⌛ Time#

We use the Time class to represent and track time throughout the training loop. We track several time-related quantities (epochs, batches, samples, and tokens) throughout training and represent them as elements of the TimeUnit enum class. Values can be provided as a string:

Unit	Suffix	Example	Enum
Epochs	`"ep"`	`"10ep"`	`TimeUnit.EPOCH`
Batches	`"ba"`	`"100ba"`	`TimeUnit.BATCH`
Samples	`"sp"`	`"2048sp"`	`TimeUnit.SAMPLE`
Tokens	`"tok"`	`"93874tok"`	`TimeUnit.TOKEN`
Duration	`"dur"`	`"0.7dur"`	`TimeUnit.DURATION`
Seconds	`"sec"`	`"30sec"`	`TimeUnit.SECOND`

Duration is defined as a multiplier of the max_duration.

These above string inputs are valid when an argument accepts the Time type. There are some exceptions – for example dur is not valid when setting max_duration as that is circular and seconds cannot be used for schedulers and max_duration.

Using timedelta strings are also supported and will be converted into seconds in the Time class. For instance, something like 1h20m40s is supported and will be converted to Time(4840, TimeUnit.SECOND).

Users can also specify milestones for objects such as learning rate schedulers in units of duration, e.g. 0.1dur. This makes it easy to build recipes such as “decay the learning rate 10% into training”.

Warning

For dur arguments, we keep the same units as used in max_duration, and round down. For example, if max_duration = "7ep" and warmup = "0.2dur", then warmup will be converted to floor(7 * 0.2) = 1 epoch.

We also support arithmetic between instances that share the same units. For more information, see the documentation for Time.

Tracking Time#

The trainer has a Timestamp object stored in State.timestamp that measures progress in all the time formats above. State.timestamp can be read by algorithms and callbacks to trigger behavior at different times during training. This feature allows algorithms to specify time in whatever unit is most useful – e.g. an algorithm could activate once every n batches or during the last 20% of training.

After each batch and epoch, State.timestamp is updated to reflect the amount of data being consumed in terms of epochs, batches, samples, and tokens.
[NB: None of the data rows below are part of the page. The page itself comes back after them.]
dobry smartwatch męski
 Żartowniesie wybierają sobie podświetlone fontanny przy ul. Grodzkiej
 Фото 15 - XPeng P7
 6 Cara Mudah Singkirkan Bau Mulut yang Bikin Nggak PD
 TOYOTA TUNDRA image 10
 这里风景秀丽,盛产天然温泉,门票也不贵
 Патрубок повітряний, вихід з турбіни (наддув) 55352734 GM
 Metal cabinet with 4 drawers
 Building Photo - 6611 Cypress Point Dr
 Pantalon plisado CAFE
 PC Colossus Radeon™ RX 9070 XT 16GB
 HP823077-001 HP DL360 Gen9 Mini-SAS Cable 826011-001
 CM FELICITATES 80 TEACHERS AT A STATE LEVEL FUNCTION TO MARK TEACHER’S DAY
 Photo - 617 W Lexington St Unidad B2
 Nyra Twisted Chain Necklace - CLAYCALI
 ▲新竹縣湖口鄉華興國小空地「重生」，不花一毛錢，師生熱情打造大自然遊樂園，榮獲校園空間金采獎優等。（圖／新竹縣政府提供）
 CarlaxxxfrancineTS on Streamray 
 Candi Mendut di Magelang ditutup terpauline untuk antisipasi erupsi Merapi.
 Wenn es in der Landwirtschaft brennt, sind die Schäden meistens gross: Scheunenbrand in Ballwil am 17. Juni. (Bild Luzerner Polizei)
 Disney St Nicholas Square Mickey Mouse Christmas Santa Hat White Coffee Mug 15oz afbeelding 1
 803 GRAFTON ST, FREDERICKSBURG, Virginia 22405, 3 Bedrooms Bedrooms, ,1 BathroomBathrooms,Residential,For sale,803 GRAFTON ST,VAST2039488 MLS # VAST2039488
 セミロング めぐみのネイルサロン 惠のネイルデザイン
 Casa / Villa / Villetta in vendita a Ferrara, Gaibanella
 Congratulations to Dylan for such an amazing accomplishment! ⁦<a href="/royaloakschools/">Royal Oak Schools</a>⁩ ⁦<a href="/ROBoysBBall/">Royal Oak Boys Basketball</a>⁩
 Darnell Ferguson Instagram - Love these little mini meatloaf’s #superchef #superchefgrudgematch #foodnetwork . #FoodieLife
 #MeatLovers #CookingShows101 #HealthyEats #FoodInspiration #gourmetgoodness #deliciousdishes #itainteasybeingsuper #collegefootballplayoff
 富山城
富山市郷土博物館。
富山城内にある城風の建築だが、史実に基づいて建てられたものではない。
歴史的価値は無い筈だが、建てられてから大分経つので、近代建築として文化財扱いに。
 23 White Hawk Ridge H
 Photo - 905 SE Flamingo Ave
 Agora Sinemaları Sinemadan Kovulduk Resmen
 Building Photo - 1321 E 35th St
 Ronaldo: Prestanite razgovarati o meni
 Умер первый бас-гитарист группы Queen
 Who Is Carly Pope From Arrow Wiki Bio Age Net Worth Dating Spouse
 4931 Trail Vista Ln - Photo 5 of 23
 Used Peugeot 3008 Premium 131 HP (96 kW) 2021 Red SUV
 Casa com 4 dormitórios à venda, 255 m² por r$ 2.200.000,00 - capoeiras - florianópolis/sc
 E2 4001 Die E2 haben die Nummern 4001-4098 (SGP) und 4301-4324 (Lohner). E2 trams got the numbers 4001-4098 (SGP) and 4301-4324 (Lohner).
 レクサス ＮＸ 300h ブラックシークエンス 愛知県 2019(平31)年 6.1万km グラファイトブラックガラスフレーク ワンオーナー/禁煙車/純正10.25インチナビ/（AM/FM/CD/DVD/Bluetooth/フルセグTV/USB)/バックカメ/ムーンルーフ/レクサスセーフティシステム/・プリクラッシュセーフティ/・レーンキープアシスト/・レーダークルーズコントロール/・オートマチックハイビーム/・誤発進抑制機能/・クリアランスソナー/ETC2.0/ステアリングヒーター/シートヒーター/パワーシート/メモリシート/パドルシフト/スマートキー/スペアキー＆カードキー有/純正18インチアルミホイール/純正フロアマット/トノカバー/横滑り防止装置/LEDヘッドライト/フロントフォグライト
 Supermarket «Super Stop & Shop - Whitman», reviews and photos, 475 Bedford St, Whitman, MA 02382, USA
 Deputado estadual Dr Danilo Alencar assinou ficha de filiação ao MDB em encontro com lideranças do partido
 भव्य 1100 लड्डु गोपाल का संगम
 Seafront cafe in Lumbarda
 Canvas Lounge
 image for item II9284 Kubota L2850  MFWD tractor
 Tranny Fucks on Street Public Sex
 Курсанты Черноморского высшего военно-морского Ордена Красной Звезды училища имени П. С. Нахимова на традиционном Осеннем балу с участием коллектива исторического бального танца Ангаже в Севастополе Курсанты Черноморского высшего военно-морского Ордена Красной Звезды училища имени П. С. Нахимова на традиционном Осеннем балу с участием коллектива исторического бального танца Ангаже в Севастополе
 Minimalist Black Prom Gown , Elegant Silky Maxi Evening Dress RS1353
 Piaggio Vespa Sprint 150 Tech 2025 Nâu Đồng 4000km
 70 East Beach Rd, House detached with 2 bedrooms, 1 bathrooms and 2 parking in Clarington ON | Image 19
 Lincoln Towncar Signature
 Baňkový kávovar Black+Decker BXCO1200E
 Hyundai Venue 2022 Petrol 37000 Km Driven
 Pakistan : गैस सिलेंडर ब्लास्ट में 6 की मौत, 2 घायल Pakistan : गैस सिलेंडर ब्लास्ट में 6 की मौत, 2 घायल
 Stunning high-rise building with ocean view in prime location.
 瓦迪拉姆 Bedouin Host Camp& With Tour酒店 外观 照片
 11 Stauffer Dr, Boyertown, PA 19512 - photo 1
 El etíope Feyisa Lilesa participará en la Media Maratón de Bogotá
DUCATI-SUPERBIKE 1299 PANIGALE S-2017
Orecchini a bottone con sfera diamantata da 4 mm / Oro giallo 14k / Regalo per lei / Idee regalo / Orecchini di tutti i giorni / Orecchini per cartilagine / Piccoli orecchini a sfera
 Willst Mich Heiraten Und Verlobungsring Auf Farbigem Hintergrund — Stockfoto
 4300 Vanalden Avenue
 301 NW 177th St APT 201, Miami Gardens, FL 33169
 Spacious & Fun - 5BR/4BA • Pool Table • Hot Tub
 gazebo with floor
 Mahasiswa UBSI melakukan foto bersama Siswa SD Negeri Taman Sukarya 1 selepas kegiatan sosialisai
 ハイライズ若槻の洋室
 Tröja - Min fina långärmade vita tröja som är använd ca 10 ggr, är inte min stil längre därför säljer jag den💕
By default, we attempt to infer the number of samples based on the batch type:

If torch.Tensor, the size of its first dimension is used.
If list or tuple, the size of its first dimension is used. As such, all elements must have the same first dimension size.
If dict, the size of its first dimension is used. As such, all elements must have the same first dimension size

Users can supply their own get_num_samples_in_batch method to the trainer via the DataSpec for more complicated datasets:

from composer.core import DataSpec
from composer import Trainer

def my_num_samples(batch: dict) -> int:
    return batch['image1'].shape[0] + batch['image2'].shape[0]


data_spec = DataSpec(
    dataloader=my_train_dataloader,
    get_num_samples_in_batch=my_num_samples,
)

trainer = Trainer(
    model=model,
    train_dataloader=data_spec,
)

To track tokens properly, users will need to supply the get_num_tokens_in_batch function to the Trainer; otherwise, tokens will not be tracked.

Samples Per Epoch#

To convert between samples and epochs, we infer the number of samples per epoch from len(dataloader.dataset) if the property is available. If not, we assume the dataset is unsized.

num_samples can also be provided directly to the DataSpec to override this default behavior.

from composer.core import DataSpec
from composer import Trainer

trainer = Trainer(
    model=model,
    train_dataloader=DataSpec(
        dataloader=my_train_dataloader,
        num_samples=1028428,
    )
)